Short descriptive text snippets
● ● ●
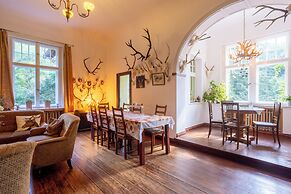 Palac Mysliwski - Orle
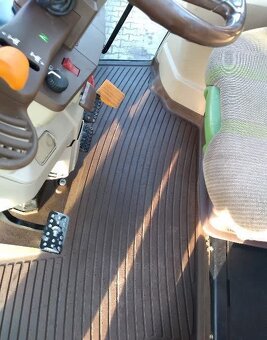 Ciągnik rolniczy John Deere 6920 z napędem na cztery koła z - 3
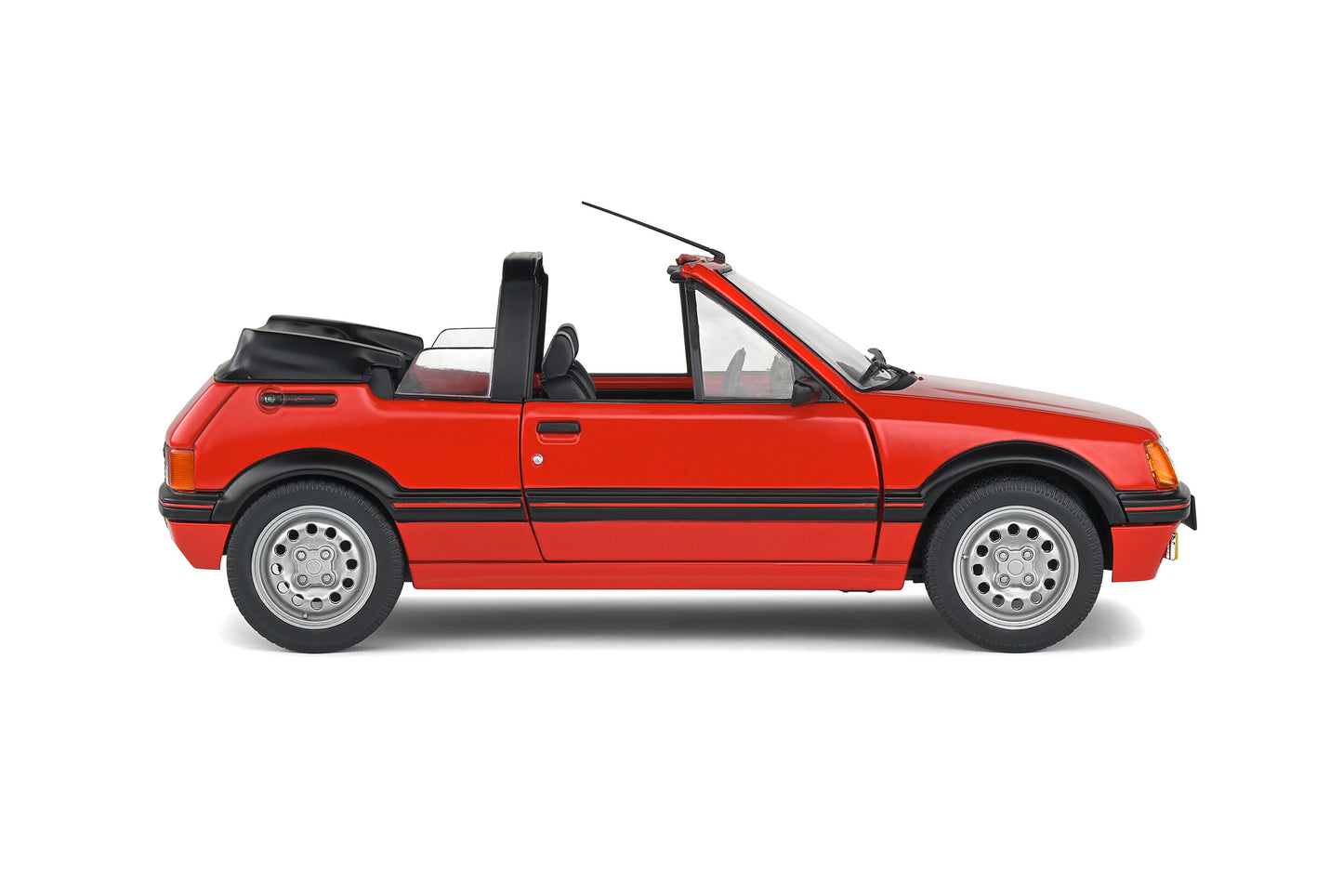 Peugeot 205 CTI – Rouge Vallelunga – 1986 – 1:18 – Solido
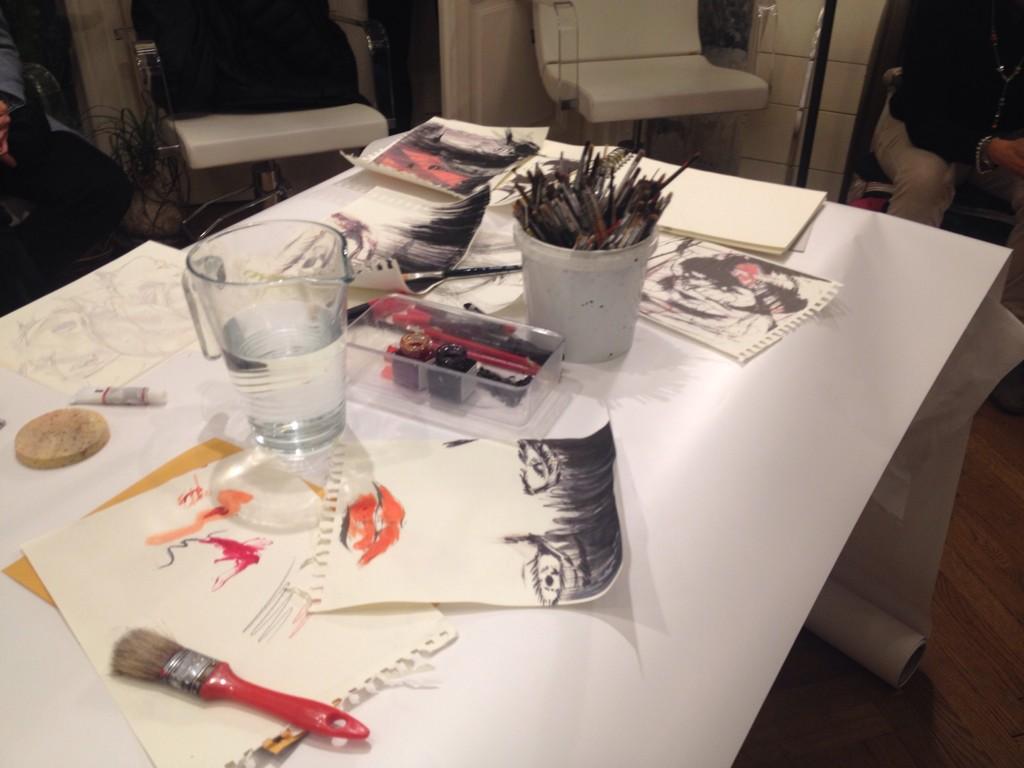 RemDigital's tweet image. Il tavolo della creatività di Ivana Burello pronto per il suo live painting #goranviler
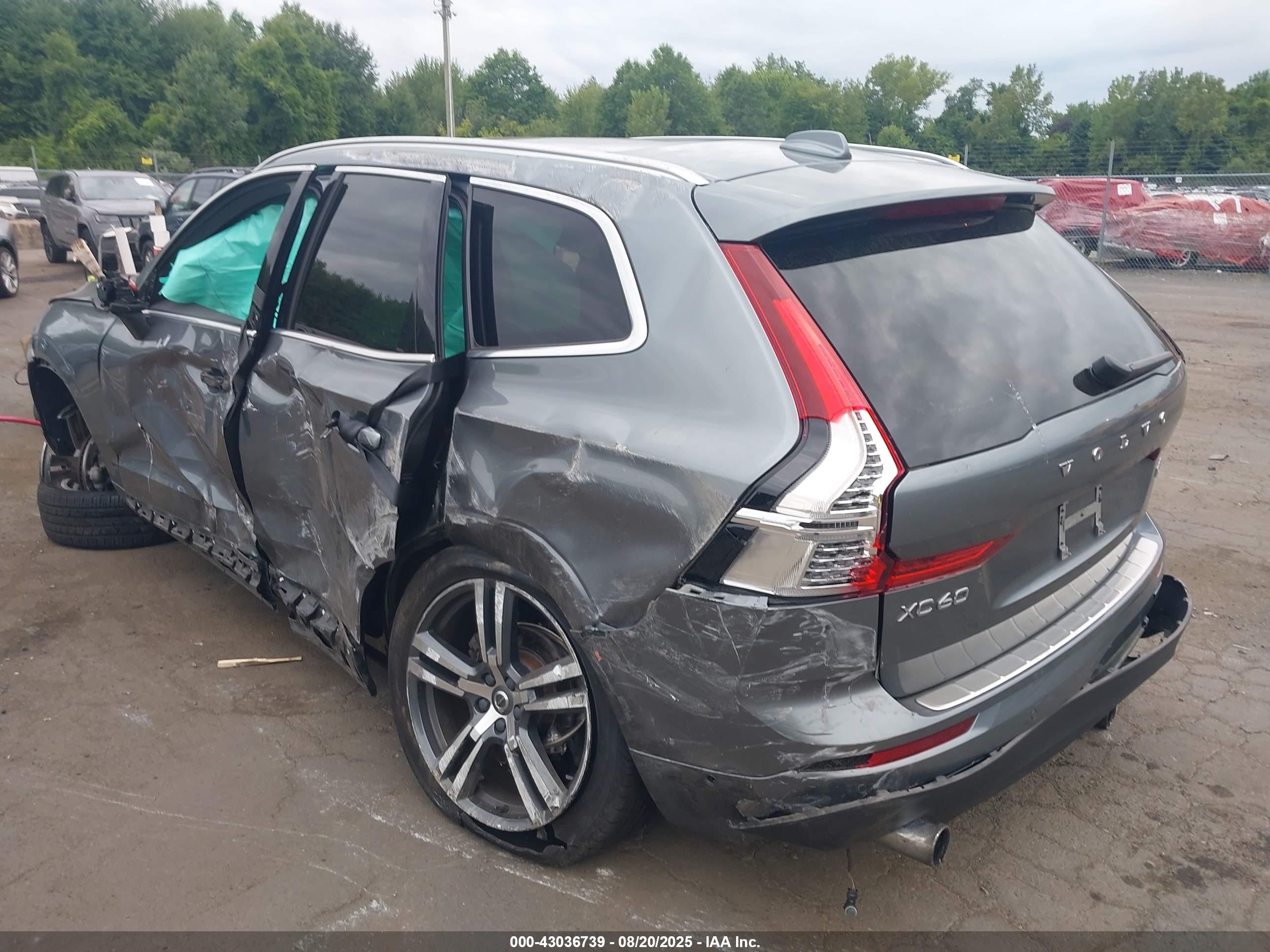 VOLVO XC60 image 3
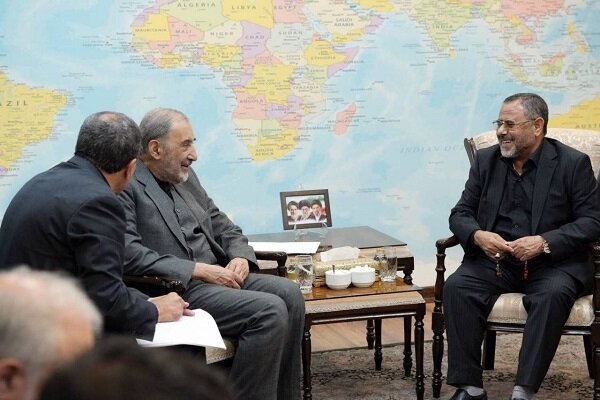 ولایتی: موضع ایران در حمایت از مقاومت تغییرناپذیر است ولایتی: موضع ایران در حمایت از مقاومت تغییرناپذیر است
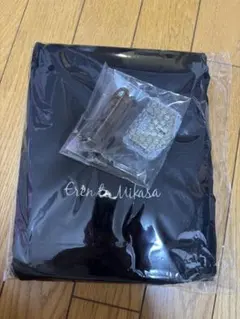 【新品】エレンの鍵 ミカサのマフラー 特典2個セット 進撃の巨人 画集 FLY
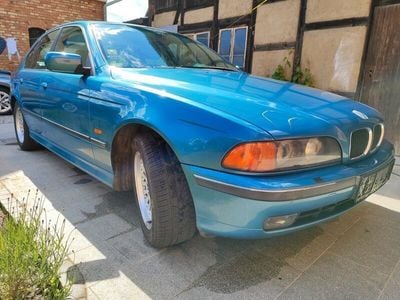 BMW 528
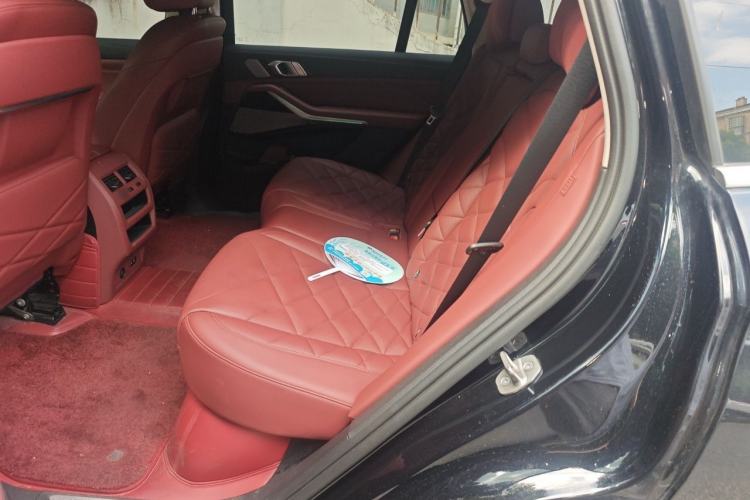 Used BMW X5 2022 Restyled xDrive 30Li Luxury Version M Sport Package Left Rear Seat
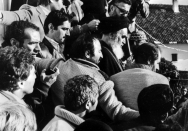 سخنرانی در جمع ایرانیان مقیم پاریس درباره جنایات شاه و اهداف انقلاب&zwnj;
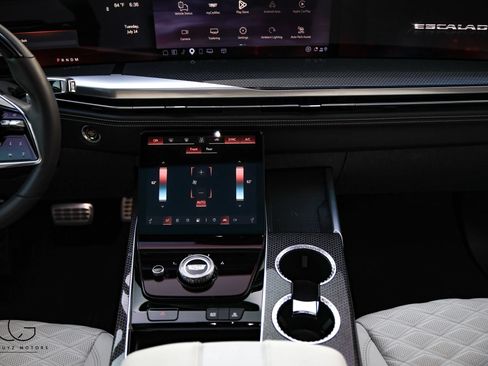 Used 2025 Cadillac Escalade V w/ LPO, ONYX Package AWD/4WD image 36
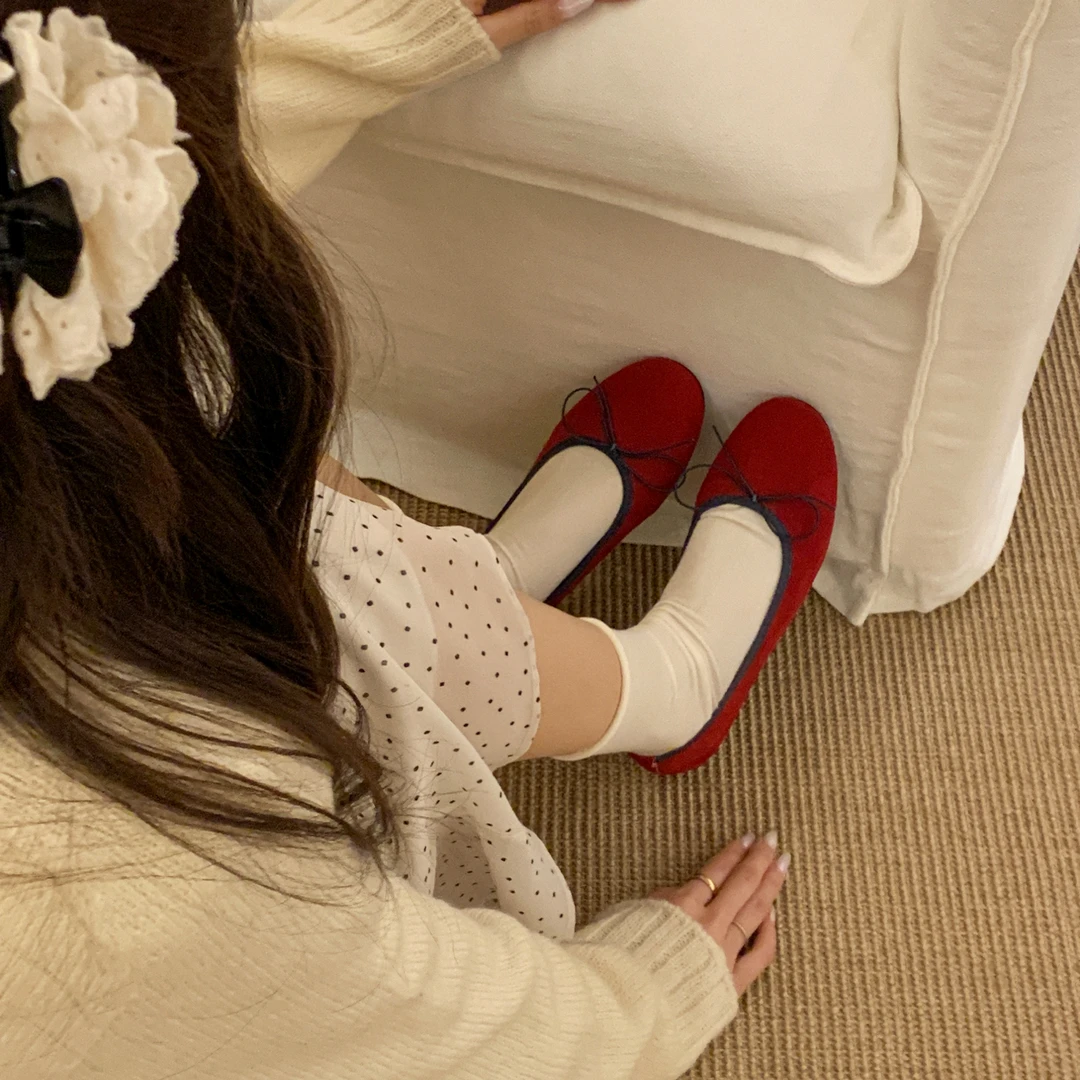 61oniiii＂安徒生童话＂复古百搭红色蝴蝶结拼色单鞋女圆头平底鞋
● ● ●
Exercise
For the entries above, print exactly the lines between the one with "RemDigital's tweet image." and the one with "سخنرانی در جمع", inclusive, with no pictures.

Response for this exercise
 RemDigital's tweet image. Il tavolo della creatività di Ivana Burello pronto per il suo live painting #goranviler
 VOLVO XC60 image 3
 ولایتی: موضع ایران در حمایت از مقاومت تغییرناپذیر است ولایتی: موضع ایران در حمایت از مقاومت تغییرناپذیر است
 【新品】エレンの鍵 ミカサのマフラー 特典2個セット 進撃の巨人 画集 FLY
 BMW 528
 Used BMW X5 2022 Restyled xDrive 30Li Luxury Version M Sport Package Left Rear Seat
 سخنرانی در جمع ایرانیان مقیم پاریس درباره جنایات شاه و اهداف انقلاب&zwnj;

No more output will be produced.